Endre_L_ · ‎02-19-2014

The present question relates to an already existing question on Stackoverflow with the difference that in this case AVX is the target ISA and that the function to be vectorized is more complex. When I use the __attribute__((vector(...))) declaration in the function definition:

__attribute__((vector(linear(a),linear(b))))
inline void foo(float* restrict a, float* restrict b) { 
   ...
   for(j=0; j<n; j++) {   
      // do something with a[j*STRIDE] and b[j*STRIDE]
   }
   for(j=n-1; j>=0; j--) {
      // do something with a[j*STRIDE] and b[j*STRIDE]
   }
}

the compiler reports the following for the function foo():

 foo.hpp(56): (col. 101) remark: FUNCTION WAS VECTORIZED
 foo.hpp(56): (col. 101) remark: FUNCTION WAS VECTORIZED

When I want to call the function with array notation or a single for loop:

int main() {
  ...
  #pragma omp parallel for
  for(k=0; k<n; k++) {
    int base = k*256*256;

    FP* __restrict a = &h_a[base];
    FP* __restrict b = &h_b[base];

    __assume_aligned(a,32);
    __assume_aligned(b,32);

    foo(&a[0:256], &b[0:256]); // line 337
    // OR for(i=0; i<n; i++) { foo(&a, &b);
  }
}

it refuses to vectorize:

 main.c(337): (col. 3) remark: loop was not vectorized: existence of vector dependence
 main.c(337): (col. 3) remark: loop was not vectorized: existence of vector dependence
 main.c(337): (col. 3) remark: loop was not vectorized: not inner loop

The used Intel compiler flags are:

 icc -O3 -xAVX -ip -restrict -parallel -fopenmp -vec-report2 -openmp-report2

The question: If the compiler could vectorize the function foo(), why it can not use the vectorized version on the place of the function call (main.c:337)? The "remark" message suggests that the function was analysed again by the compiler, instead of simply injecting the already compiled vector code.

Note: I tried to use a for loop instead of array notation with #pragma ivdep and also #pragma simd, but non of them helped.
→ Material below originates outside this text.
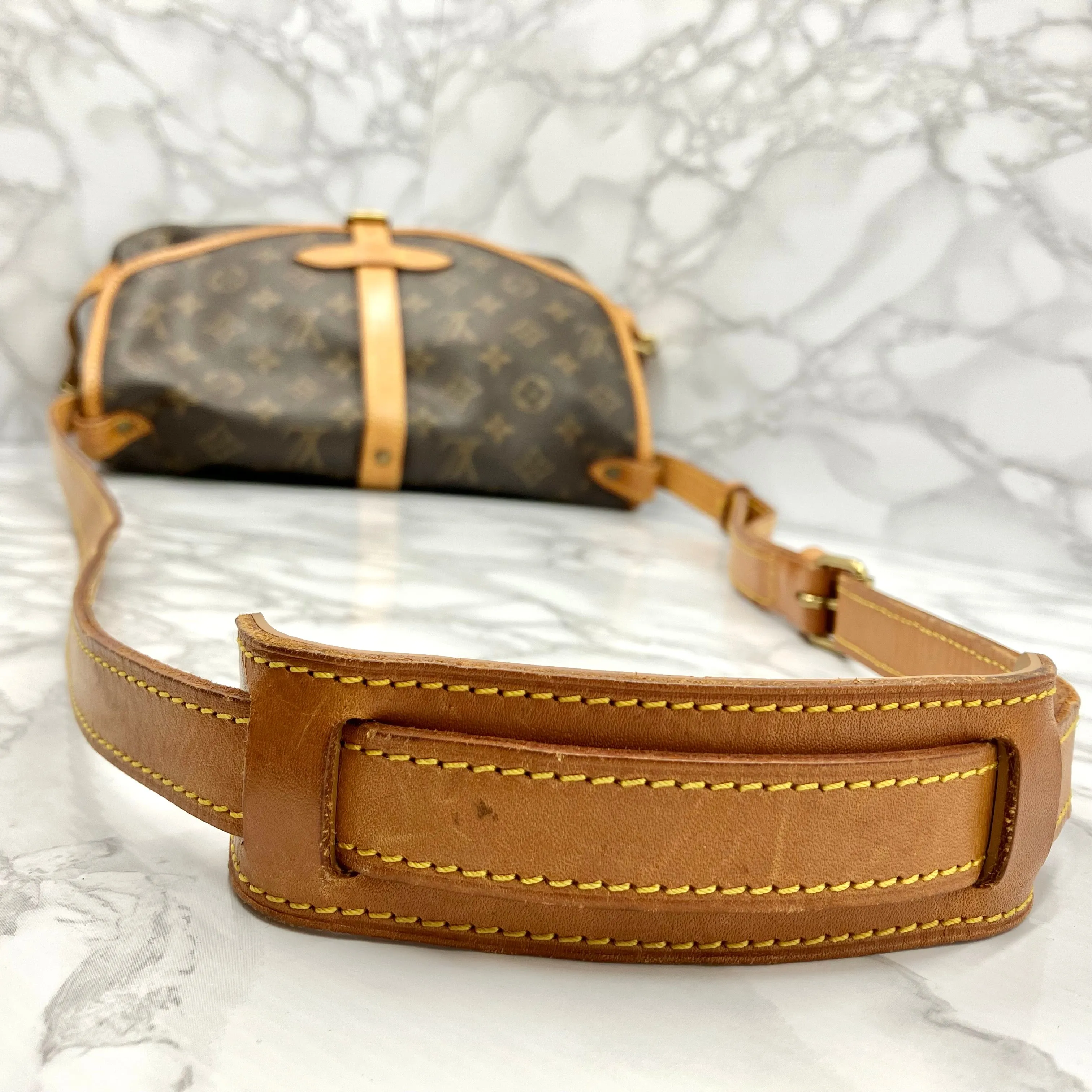 LOUIS VUITTON Monogram Saumur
The actual code is much larger, then it would conveniently fit in this post.

jimdempseyatthecove · ‎02-21-2014

>> // do something with a[j*STRIDE] and b[j*STRIDE]
Implies that the "something" statements will not vectorize (due to *STRIDE)
Although scatter/gather can be called vectorization, in many cases it may not be optimal.
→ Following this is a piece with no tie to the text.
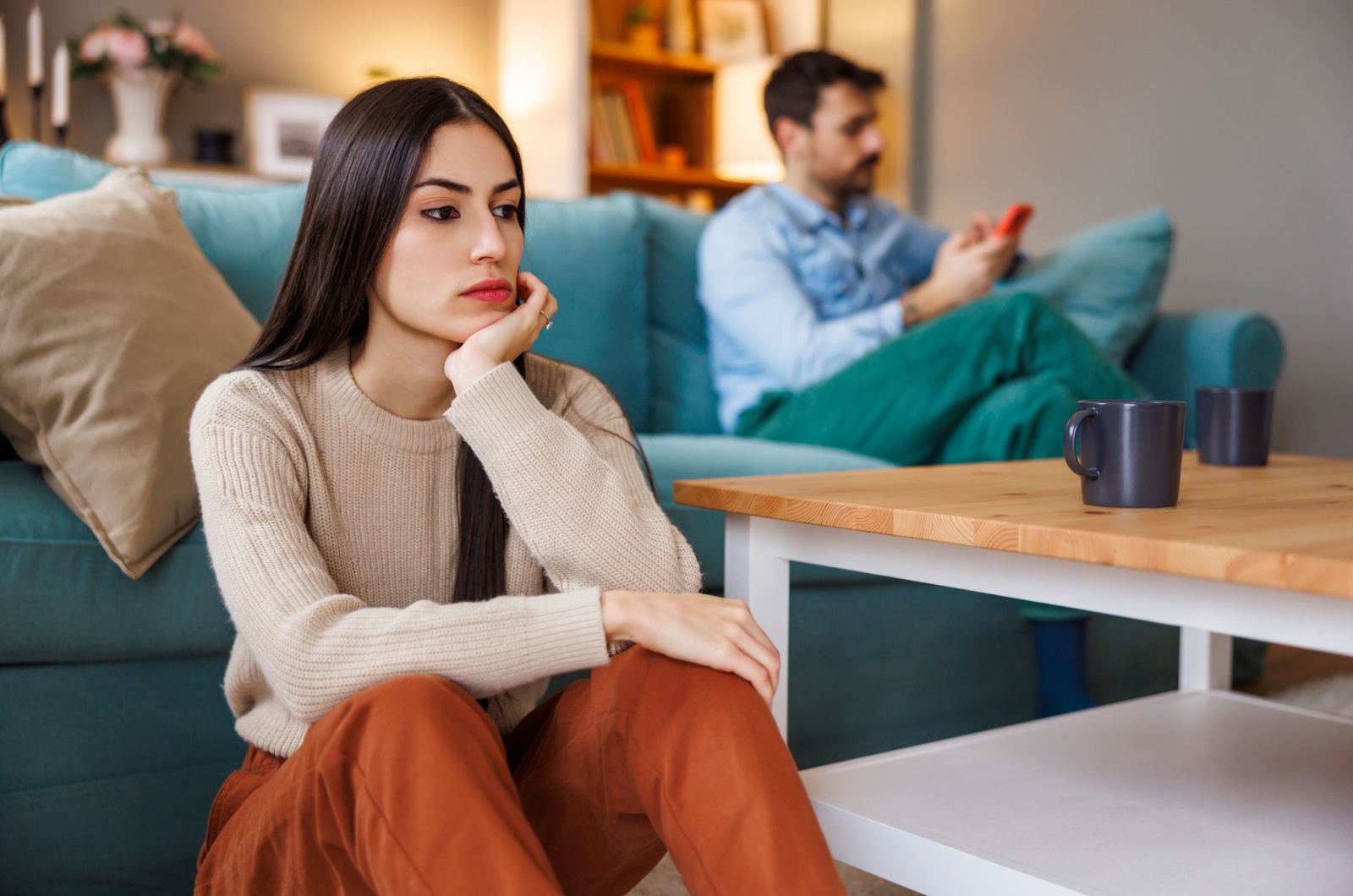 mann am handy frau auf boden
Additionally, when a function is NOT inlined it need not worry about the effects of disturbing variables outside its scope.
When the function IS inlined, the scope of the code where the inline occurs is taken into consideration in optimization decisions (to vectorize or not to vectorize).

If you have a specific code example where you think vectorization should occur, please post it for review.

Jim Dempsey